- [What you have to do]: Transcribe, exactly and without pictures, the lines below from the line with "bandă LED neon segrass" to the line with "Caviar Quilted Small Double Flap Black", both ends included, and no others.

- [Excerpted data]:
--------------------

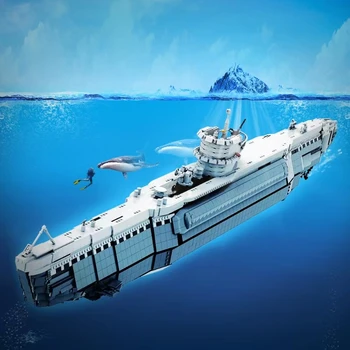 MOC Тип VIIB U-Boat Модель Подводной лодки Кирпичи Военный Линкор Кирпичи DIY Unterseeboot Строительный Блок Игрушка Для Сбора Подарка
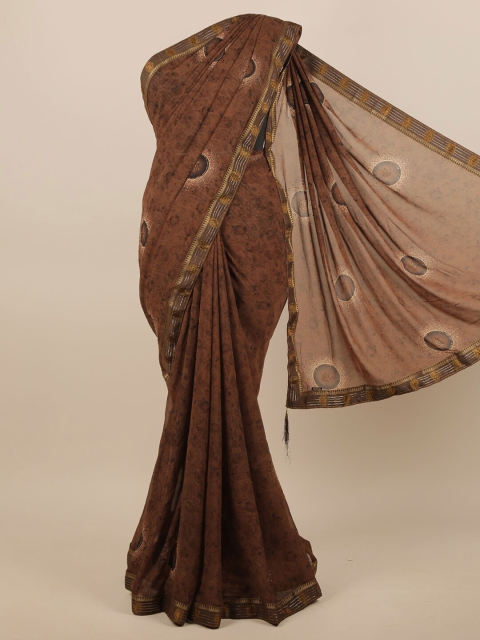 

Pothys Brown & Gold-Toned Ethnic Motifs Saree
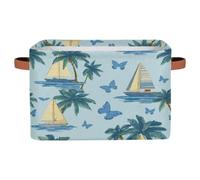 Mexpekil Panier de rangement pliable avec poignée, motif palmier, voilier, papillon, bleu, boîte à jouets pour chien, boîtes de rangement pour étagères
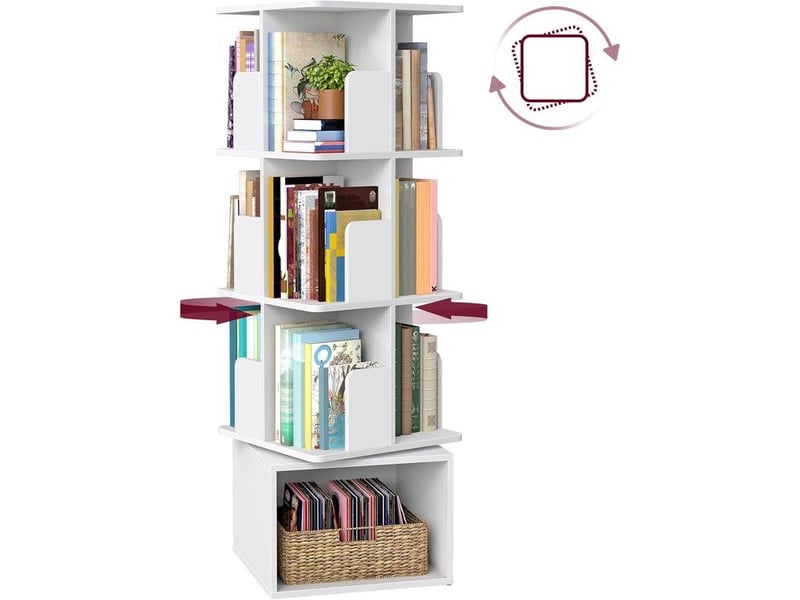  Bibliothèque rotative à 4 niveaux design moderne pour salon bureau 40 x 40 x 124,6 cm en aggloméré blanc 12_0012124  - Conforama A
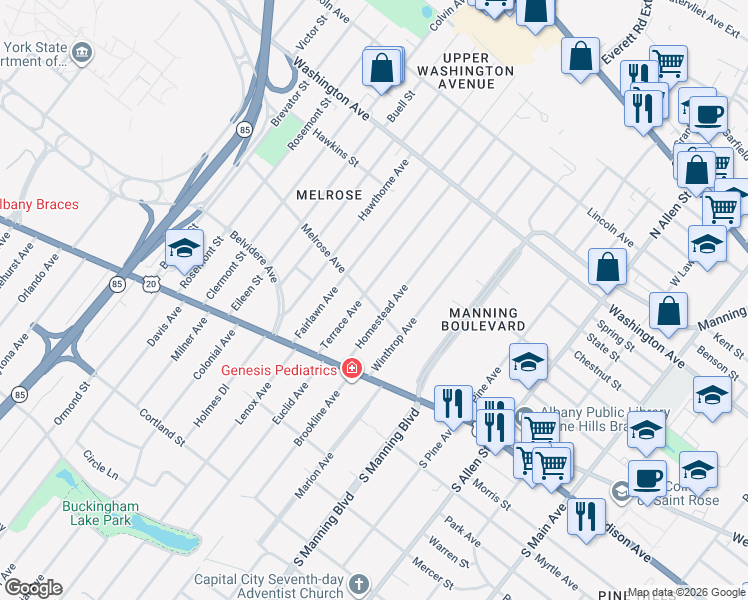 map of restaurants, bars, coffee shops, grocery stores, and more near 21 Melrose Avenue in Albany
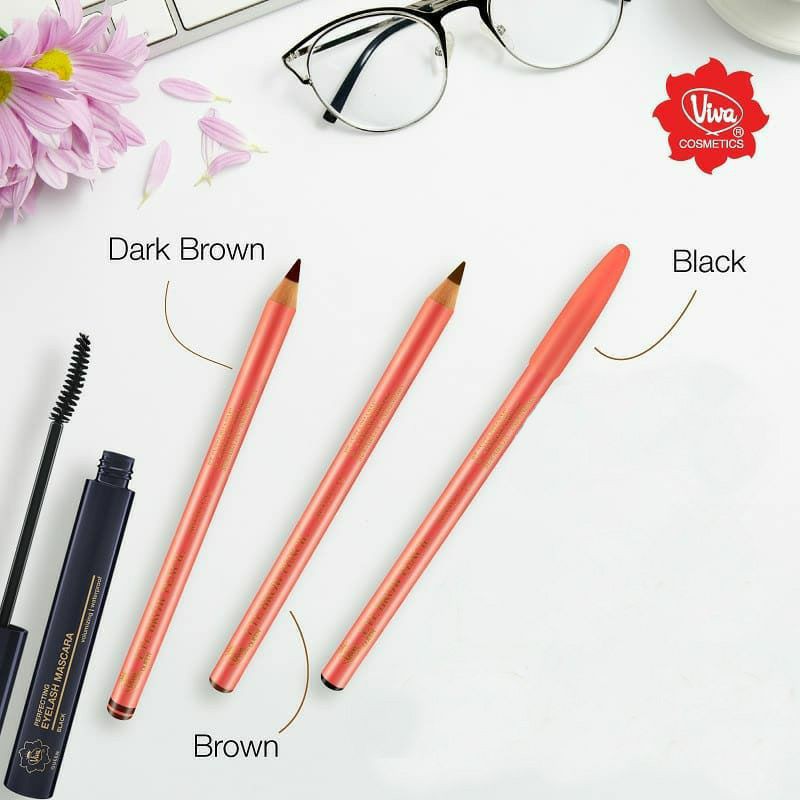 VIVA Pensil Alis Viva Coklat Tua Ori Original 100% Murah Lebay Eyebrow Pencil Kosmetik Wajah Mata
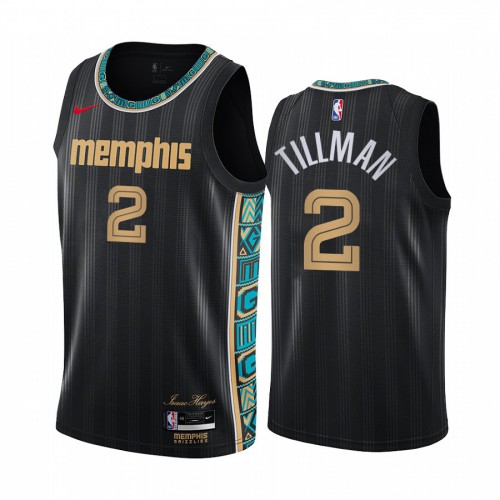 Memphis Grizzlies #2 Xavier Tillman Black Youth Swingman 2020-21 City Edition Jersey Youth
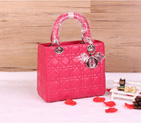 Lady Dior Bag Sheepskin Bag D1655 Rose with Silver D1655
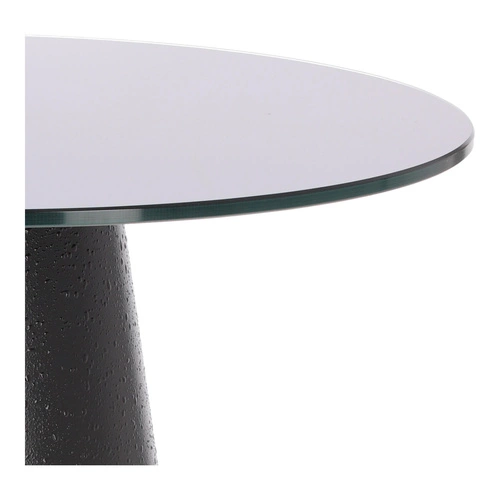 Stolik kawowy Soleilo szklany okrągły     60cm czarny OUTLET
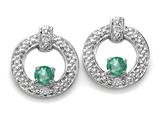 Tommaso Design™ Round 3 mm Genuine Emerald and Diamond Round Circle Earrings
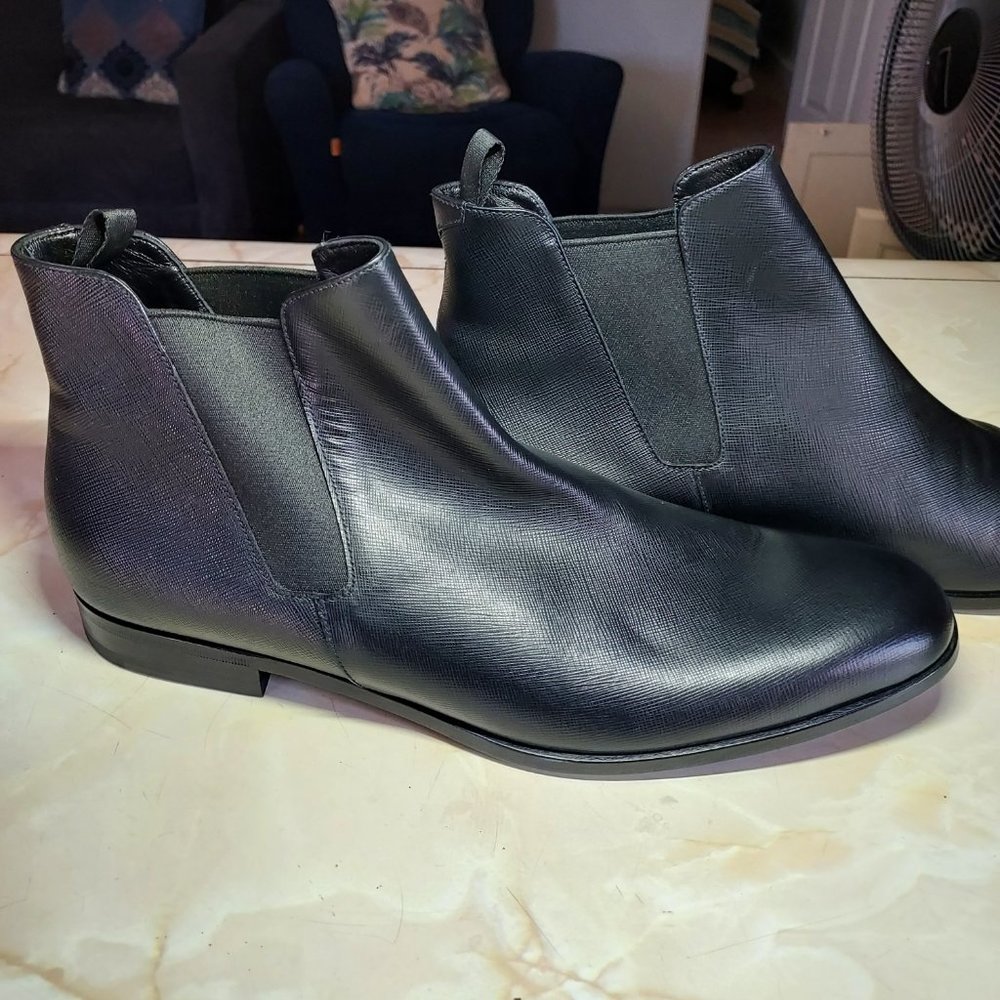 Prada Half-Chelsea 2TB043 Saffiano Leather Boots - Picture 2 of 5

--------------------

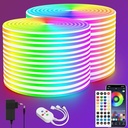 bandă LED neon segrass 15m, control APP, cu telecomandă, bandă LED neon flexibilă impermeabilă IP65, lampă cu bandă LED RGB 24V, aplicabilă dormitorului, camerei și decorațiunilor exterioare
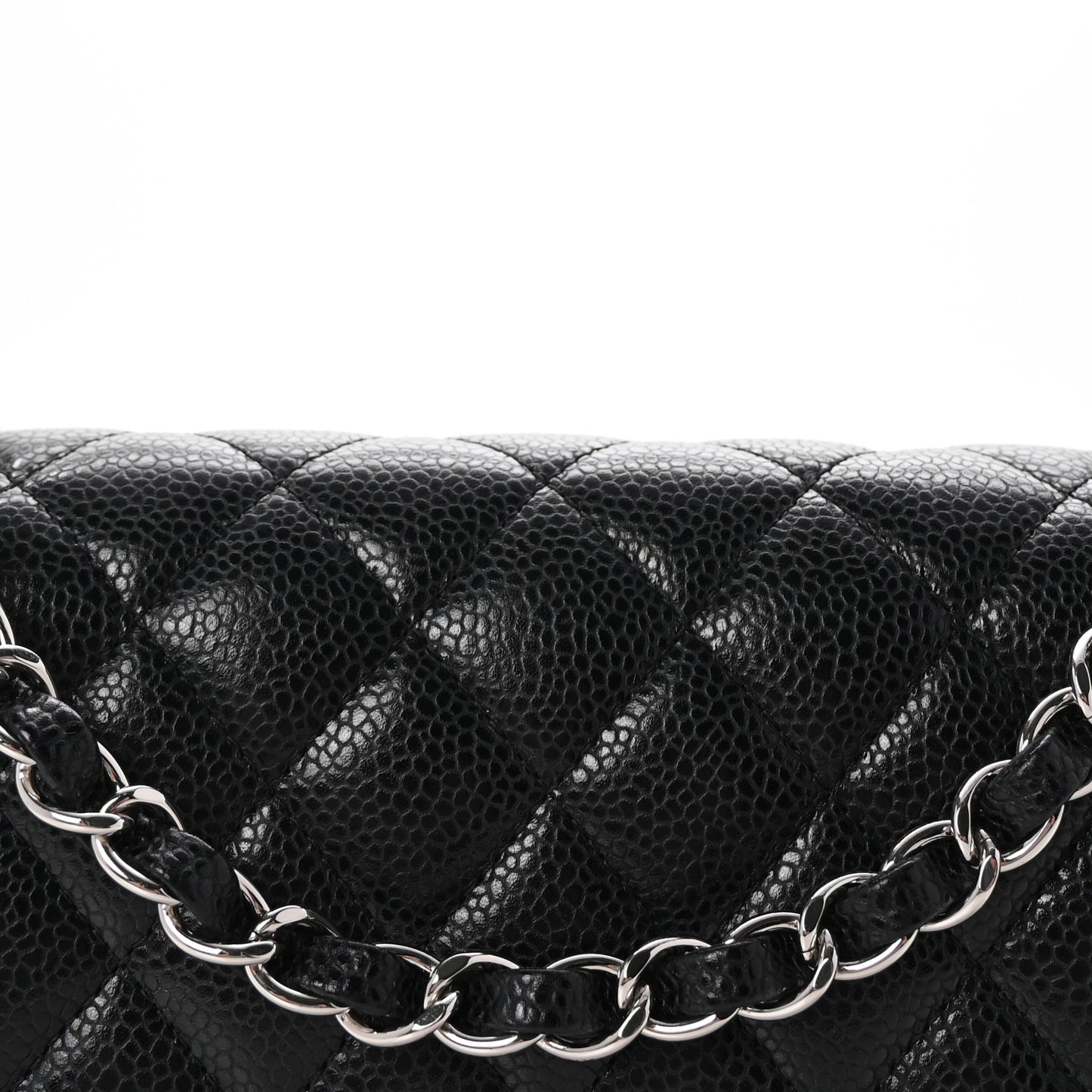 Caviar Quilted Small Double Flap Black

--------------------

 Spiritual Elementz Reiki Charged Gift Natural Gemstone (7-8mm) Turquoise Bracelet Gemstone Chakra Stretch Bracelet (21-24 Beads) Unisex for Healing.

--------------------

- [Answer to this problem]:
 bandă LED neon segrass 15m, control APP, cu telecomandă, bandă LED neon flexibilă impermeabilă IP65, lampă cu bandă LED RGB 24V, aplicabilă dormitorului, camerei și decorațiunilor exterioare
 Caviar Quilted Small Double Flap Black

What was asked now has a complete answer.